▶ Data provided
..........

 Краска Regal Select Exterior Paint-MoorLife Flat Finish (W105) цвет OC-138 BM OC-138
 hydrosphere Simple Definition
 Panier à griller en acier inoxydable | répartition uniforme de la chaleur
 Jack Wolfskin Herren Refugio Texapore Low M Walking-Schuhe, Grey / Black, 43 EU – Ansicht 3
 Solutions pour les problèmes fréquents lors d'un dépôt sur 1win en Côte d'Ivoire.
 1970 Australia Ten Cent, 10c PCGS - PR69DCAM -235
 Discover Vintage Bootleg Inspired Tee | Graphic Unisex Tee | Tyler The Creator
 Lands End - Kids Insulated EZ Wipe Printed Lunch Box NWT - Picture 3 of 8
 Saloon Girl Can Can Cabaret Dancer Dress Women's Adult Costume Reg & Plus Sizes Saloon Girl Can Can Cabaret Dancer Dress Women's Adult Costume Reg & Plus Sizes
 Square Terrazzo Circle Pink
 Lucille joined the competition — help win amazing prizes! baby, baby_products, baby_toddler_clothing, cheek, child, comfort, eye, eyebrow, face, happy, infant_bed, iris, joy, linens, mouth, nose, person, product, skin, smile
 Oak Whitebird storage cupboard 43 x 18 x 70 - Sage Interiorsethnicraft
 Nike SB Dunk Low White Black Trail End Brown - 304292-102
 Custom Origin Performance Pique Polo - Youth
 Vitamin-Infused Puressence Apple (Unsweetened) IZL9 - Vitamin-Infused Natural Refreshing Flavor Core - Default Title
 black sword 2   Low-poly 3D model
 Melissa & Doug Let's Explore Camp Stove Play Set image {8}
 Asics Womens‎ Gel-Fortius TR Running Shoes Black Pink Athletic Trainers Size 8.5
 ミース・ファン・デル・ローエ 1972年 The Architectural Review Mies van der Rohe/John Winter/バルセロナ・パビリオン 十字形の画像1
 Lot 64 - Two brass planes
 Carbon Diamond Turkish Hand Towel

..........

▶ Requirement
Taking the entries above, write out exactly the lines starting with the line containing "hydrosphere Simple Definition" and going on through the line containing "Lucille joined the", both included, and nothing else.

▶ Reply
 hydrosphere Simple Definition
 Panier à griller en acier inoxydable | répartition uniforme de la chaleur
 Jack Wolfskin Herren Refugio Texapore Low M Walking-Schuhe, Grey / Black, 43 EU – Ansicht 3
 Solutions pour les problèmes fréquents lors d'un dépôt sur 1win en Côte d'Ivoire.
 1970 Australia Ten Cent, 10c PCGS - PR69DCAM -235
 Discover Vintage Bootleg Inspired Tee | Graphic Unisex Tee | Tyler The Creator
 Lands End - Kids Insulated EZ Wipe Printed Lunch Box NWT - Picture 3 of 8
 Saloon Girl Can Can Cabaret Dancer Dress Women's Adult Costume Reg & Plus Sizes Saloon Girl Can Can Cabaret Dancer Dress Women's Adult Costume Reg & Plus Sizes
 Square Terrazzo Circle Pink
 Lucille joined the competition — help win amazing prizes! baby, baby_products, baby_toddler_clothing, cheek, child, comfort, eye, eyebrow, face, happy, infant_bed, iris, joy, linens, mouth, nose, person, product, skin, smile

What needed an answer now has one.